Speaking for the respondents, Olson argued that: “California cannot create Article III standing by designating whoever it wants to defend the State of California in connection with the ballot.”
Justice Alito noted that it would be ironic if the only people entitled to defend a ballot initiative would be state officials, as they are the ones bound to uphold the law chosen by the people. He pointed out: “the whole point of the initiative process was to allow the people to circumvent public officials about whom they were suspicious.”
The standing issue will prove crucial to whether or not the case will have any bearing on gay marriage rights nationwide. That is, if the petitioners are deemed not to have standing, the Court will have to reject the case. If the case is rejected, the lower court’s stay will be removed and the initiative will be repealed. This, however, would only impact California, while many Americans remain hopeful for a more sweeping answer either for or against the institution of gay marriage.
After representing their positions on the issue of standing, the parties launched into the hearing on the merits.
Cooper described marriage as a gendered term; akin to the affiliations of fatherhood and motherhood with males and females respectively.
When Sotomayor pressed him on the issue of whether gay individuals are deprived other rights afforded to the general citizenry, Cooper turned the focus to the imperative of procreation, or – in his words – the “State 's interest and society's interest in what we have framed as responsible procreation.” He contended that homosexual couples are not similarly situated to straight couples in terms of procreation.

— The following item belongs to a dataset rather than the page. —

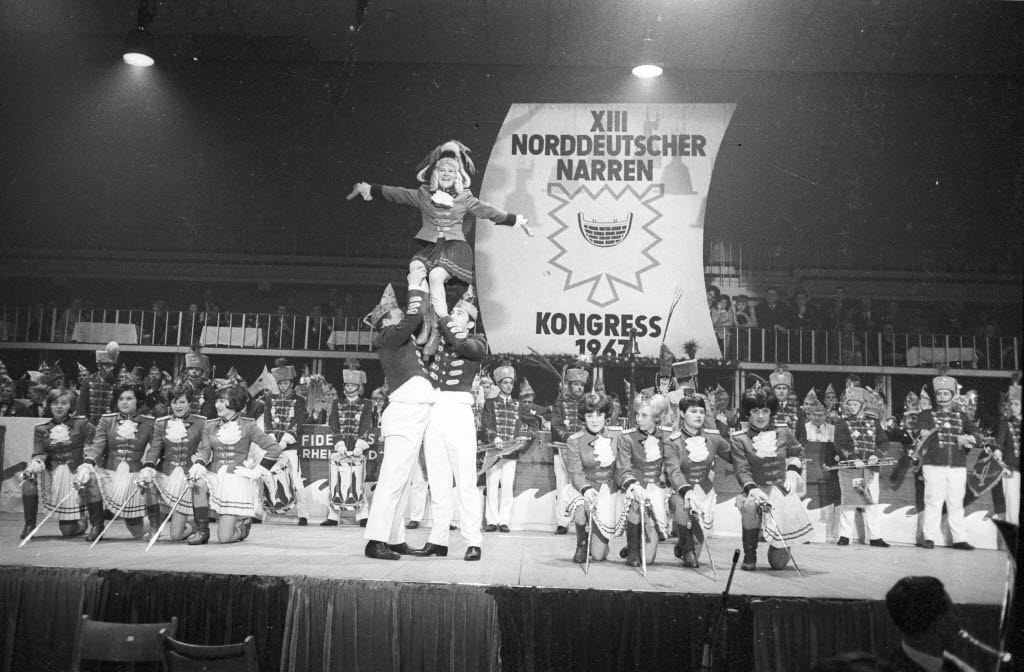 Den trettonde nordtyska karnevalskongressen i Ostseehalle i Kiel, 7 januari 1967. Foto: Friedrich Magnussen/Stadtarchiv Kiel, CC BY-SA 3.0 DE. Den trettonde nordtyska karnevalskongressen i Ostseehalle i Kiel, 7 januari 1967.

He added that, “redefining marriage will have real-world consequences, and that it is impossible for anyone to foresee the future accurately enough to know exactly what those real-world consequences would be,” adding that the court should consider the California voter in 2008 naïve to the fact that his choice could impact “this age-old bedrock social institution.”
Justice Scalia then considered the slippery slope element of acceptance of gay marriage, noting that with gay marriage may come gay adoption. To this Justice Ginsburg retorted that California already allows gay couples to adopt.
Justice Kagan chimed in with the point that couples over the age of 55 would have a tough time fulfilling the procreation element as well. To this point Cooper leaned on the hypothetical possibility that such a couple might be able to conceive.
Justice Ginsburg noted on this point that prisoners are allowed to marry, even if incarceration hinders the capacity to procreate. To this Cooper responded that in the Supreme Court decision sanctioning prison marriage, the justices had agreed that one factor militating in favor of such a decision was the future prospect that these couples might eventually have the option of procreating.
Olson encapsulated the respondents’ argument as follows: “It walls-off gays and lesbians from marriage, the most important relation in life, according to this Court, thus stigmatizing a class of Californians based upon their status and labeling their most cherished relationships as second-rate, different, unequal, and not okay.”
Chief Justice Roberts argued in due course that the institution of marriage has developed in a way that has excluded same-sex couples, rather than such being the result of intent at any point. In his words: “When the institution of marriage developed historically, people didn't get around and say let's have this institution, but let's keep out homosexuals. The institution developed to serve purposes that, by their nature, didn't include homosexual couples.”
Justice Scalia argued that the Supreme Court’s job isn’t to dictate the law of the future; rather it is to interpret the Constitution which was drafted more than two centuries ago. He wondered, “when did it become unconstitutional to exclude homosexual couples from marriage?”
In closing, Olson quoted Justice Ginsburg: “A prime part of the history of our Constitution is the story of the extension of constitutional rights to people once ignored or excluded."
A decision on the case is not expected for several months.